Reports of opinion polls seldom include insights drawn by correlating responses to two or more survey questions

A file photo of Prime Minister Narendra Modi. Photo: Hindustan TimesPremium
A file photo of Prime Minister Narendra Modi. Photo: Hindustan Times

This might sound like a rather sweeping and uncharitable statement to make, but it seems political surveyors and reporters of political surveys in India don’t do cross-tabbing.

Reports of many political opinion polls, for example, report the overall proportion of responses to a number of questions, but they seldom include insights that can be drawn by correlating responses to two or more questions in the surveys.

Cross-tabulating might sound like a fancy term but it is rather simple. In the simplest case, you take responses to two questions in a survey, and count the number of responses to each combination of questions, and then record them in a two-dimensional table. That way, we can analyse the relationship between responses to various questions in the survey.

The Monday edition of this paper published the results of a survey conducted by InstaVaani on Prime Minister Narendra Modi’s approval ratings (mintne.ws/1KXlm7n).

The report said 74% of respondents “approved" of Modi’s performance, and went on to mention that 73% had voted for Modi’s Bharatiya Janata Party (BJP) in the 2014 general election (metros and non-metros combined).

Looking at these numbers, the first question that springs to mind is how these two are correlated, i.e., how many people who approve of the prime minister had voted for the BJP last year? And this is what a cross-tabulation (known in short as a cross-tab) tells us.

We simply count the number of responses for each combination of questions and note it in a table, which gives us the cross-tab (this can be generated in MS Excel using the Pivot Table function).

For the top left cell in table 1, for example, we count the number of respondents who mentioned that they had voted for the BJP in the 2014 general election AND mentioned that they approve of the prime minister’s performance.

The middle cell in the top row says that 426 respondents approve of the prime minister, but had voted for the Congress party in 2014. And so forth. The total doesn’t add up to the total number of people surveyed, since not all respondents answered the question on who they had voted for.

It is easy to notice that there is already much richer information about the survey than what was presented in the one-dimensional graphs in Monday’s paper. While it might have been tempting to equate the prime minister’s 74% approval rating to the 73% of the respondents who had voted for the BJP in 2014, we notice that there is actually a significant crossover.
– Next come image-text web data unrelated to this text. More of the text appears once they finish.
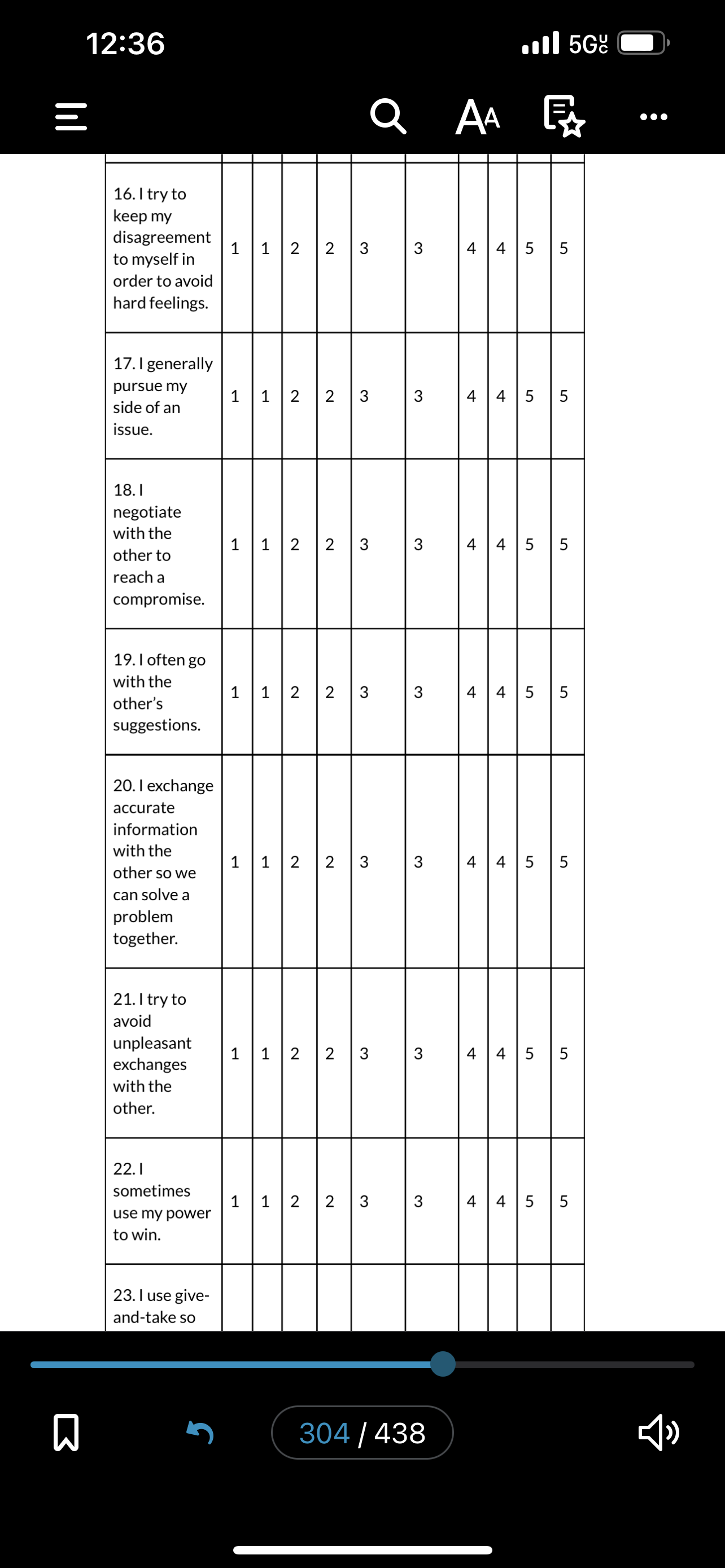 about yourself. You don't have to share your results with other classmates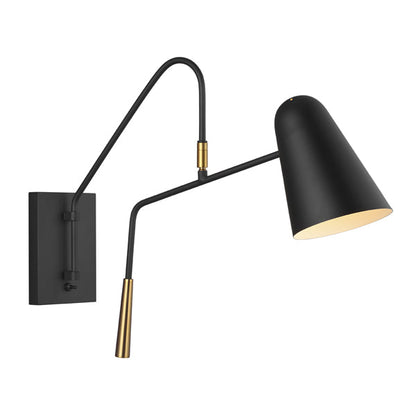 Simon 1 Light Wall Light - Midnight Black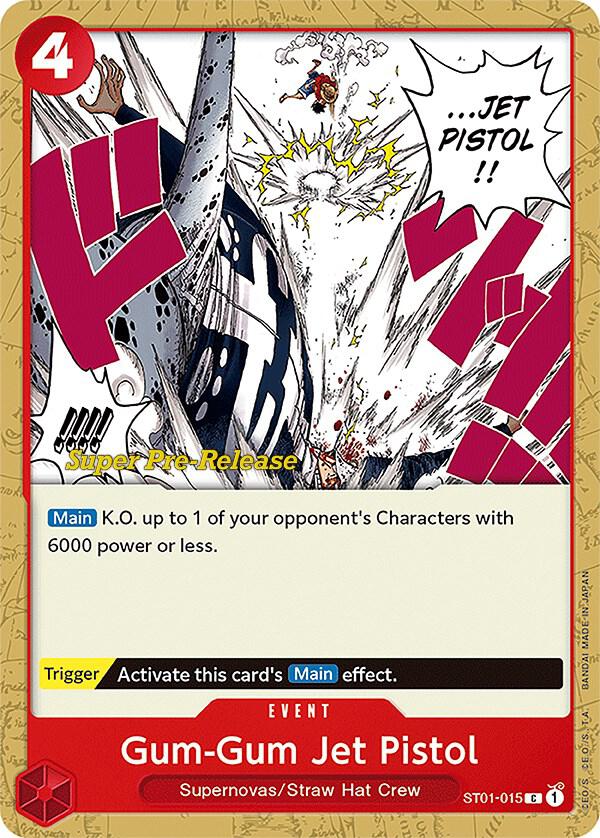 Gum-Gum Jet Pistol card artwork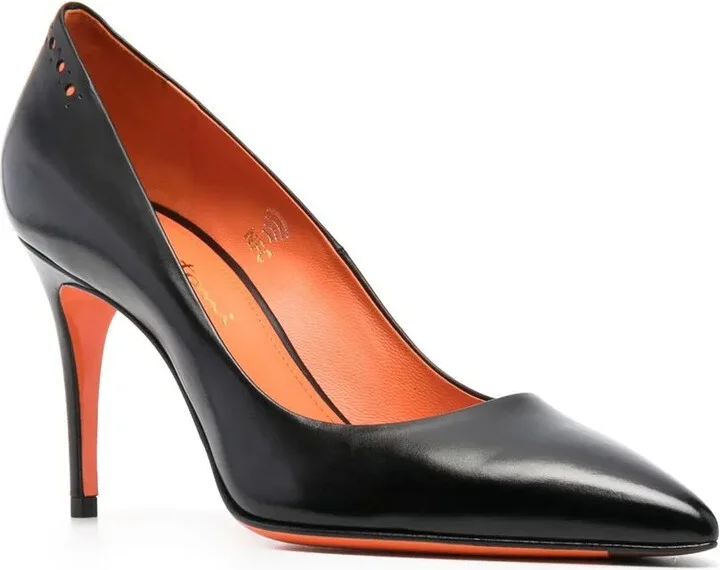 95mm Heel Leather Pumps - Image 2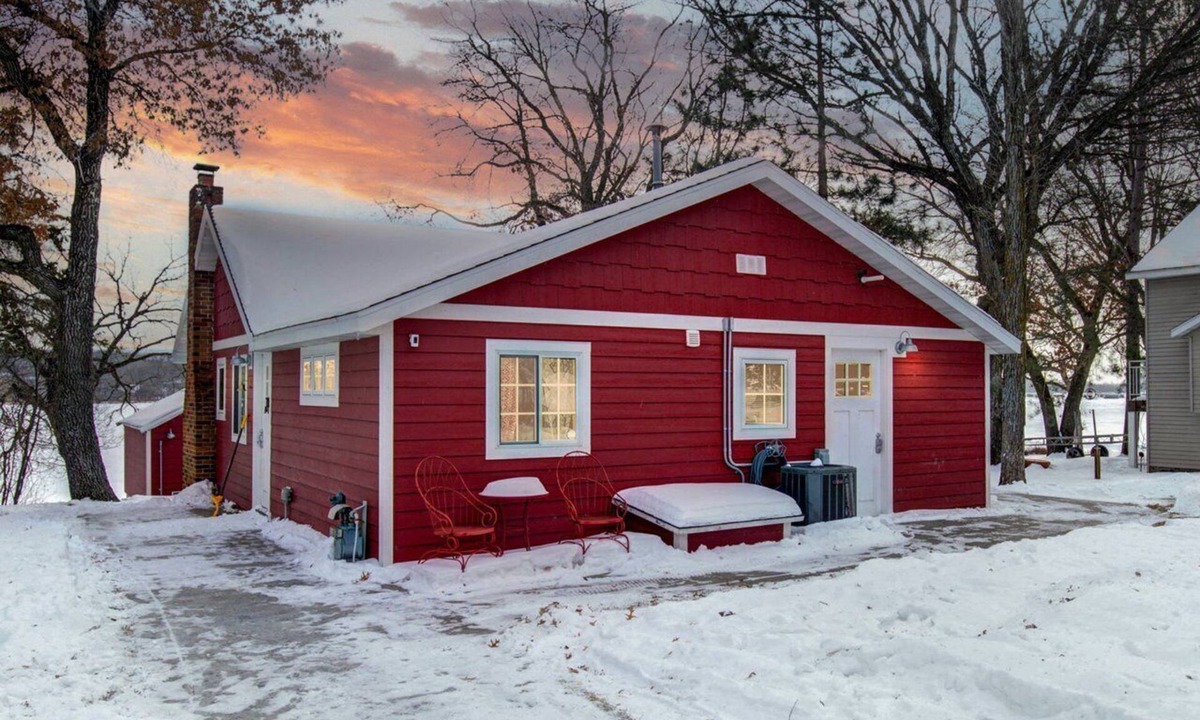 Clear Lake House | Cozy Red Cabin on Briggs Lake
For example, the above table tells us that 12% (663/(663+4,729)) of respondents who had voted for the BJP in 2014 do not approve of the prime minister’s performance. Moving over one column, we see that more than half the respondents who didn’t vote for the BJP in 2014 approve of Modi’s performance, suggesting that the prime minister’s approval is rather robust.
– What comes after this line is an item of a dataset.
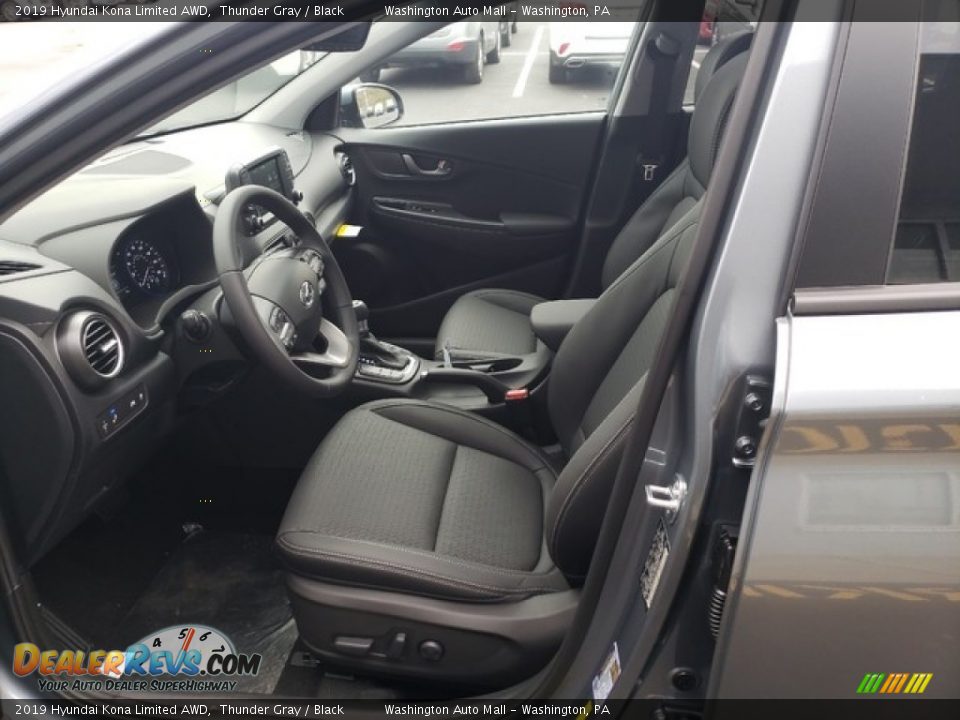 2019 Hyundai Kona Limited AWD Thunder Gray / Black Photo #12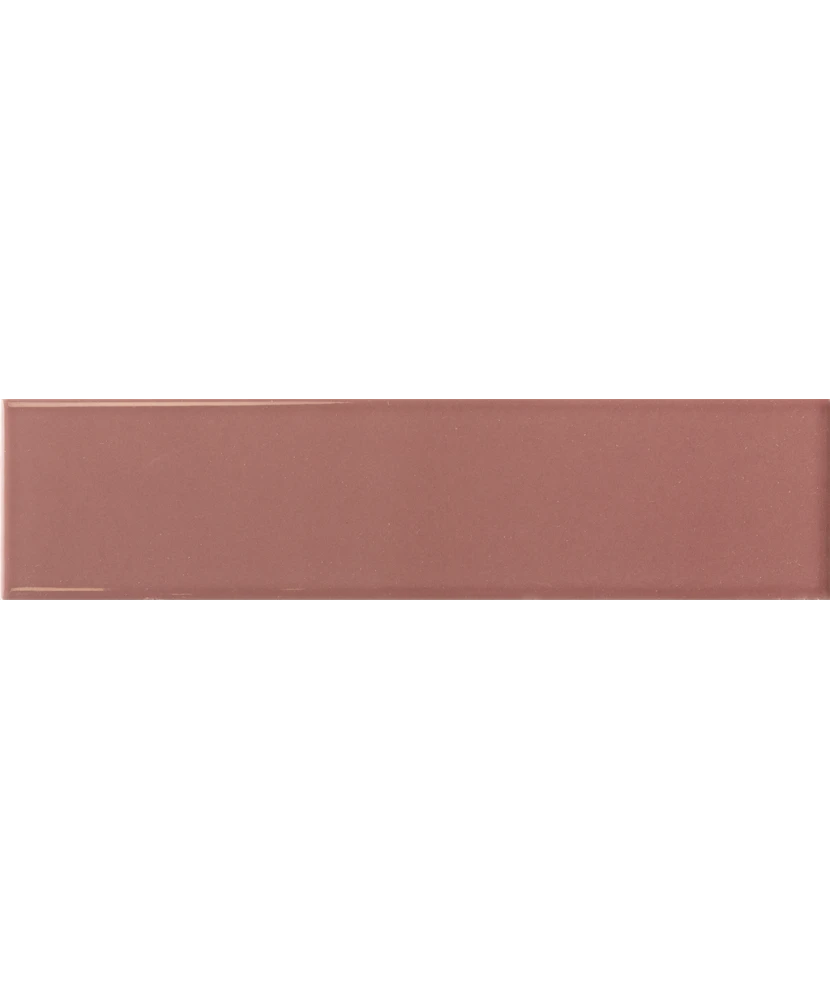 Carrelage Lumina Roan Rouge 6x24,6 cm - détail du carreau 3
Cross-tabulations need not be restricted to two dimensions. We can include another variable, for example, the party that the respondent would vote for if elections were held on the day of the survey. With three dimensions, we can’t use a simple table as above; hence, we will use a combination of two tables:

There are some intriguing patterns in the second two tables. For example, table 2a tells us that there is a significant number (approximately 700) of respondents who voted for the BJP in 2014, approve of Modi’s performance and yet will not vote for the BJP if elections are held today.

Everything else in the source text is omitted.